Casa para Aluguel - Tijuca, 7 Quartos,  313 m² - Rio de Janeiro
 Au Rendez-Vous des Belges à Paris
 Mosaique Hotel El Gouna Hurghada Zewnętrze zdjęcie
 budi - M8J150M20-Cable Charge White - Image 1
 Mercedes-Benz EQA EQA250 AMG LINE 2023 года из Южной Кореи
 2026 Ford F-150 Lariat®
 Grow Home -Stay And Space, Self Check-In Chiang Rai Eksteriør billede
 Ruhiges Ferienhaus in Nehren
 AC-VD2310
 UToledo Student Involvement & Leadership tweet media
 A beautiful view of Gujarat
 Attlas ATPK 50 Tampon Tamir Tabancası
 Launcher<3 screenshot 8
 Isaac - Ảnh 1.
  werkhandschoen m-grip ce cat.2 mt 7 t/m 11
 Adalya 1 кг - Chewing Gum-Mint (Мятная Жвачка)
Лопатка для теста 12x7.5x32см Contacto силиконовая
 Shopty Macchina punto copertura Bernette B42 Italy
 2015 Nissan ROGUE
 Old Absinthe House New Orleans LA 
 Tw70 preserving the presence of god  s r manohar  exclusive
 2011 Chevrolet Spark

Task goal:
Your job is to restate all of the data word for word.

Finished exercise:
Casa para Aluguel - Tijuca, 7 Quartos,  313 m² - Rio de Janeiro
 Au Rendez-Vous des Belges à Paris
 Mosaique Hotel El Gouna Hurghada Zewnętrze zdjęcie
 budi - M8J150M20-Cable Charge White - Image 1
 Mercedes-Benz EQA EQA250 AMG LINE 2023 года из Южной Кореи
 2026 Ford F-150 Lariat®
 Grow Home -Stay And Space, Self Check-In Chiang Rai Eksteriør billede
 Ruhiges Ferienhaus in Nehren
 AC-VD2310
 UToledo Student Involvement & Leadership tweet media
 A beautiful view of Gujarat
 Attlas ATPK 50 Tampon Tamir Tabancası
 Launcher<3 screenshot 8
 Isaac - Ảnh 1.
  werkhandschoen m-grip ce cat.2 mt 7 t/m 11
 Adalya 1 кг - Chewing Gum-Mint (Мятная Жвачка)
Лопатка для теста 12x7.5x32см Contacto силиконовая
 Shopty Macchina punto copertura Bernette B42 Italy
 2015 Nissan ROGUE
 Old Absinthe House New Orleans LA 
 Tw70 preserving the presence of god  s r manohar  exclusive
 2011 Chevrolet Spark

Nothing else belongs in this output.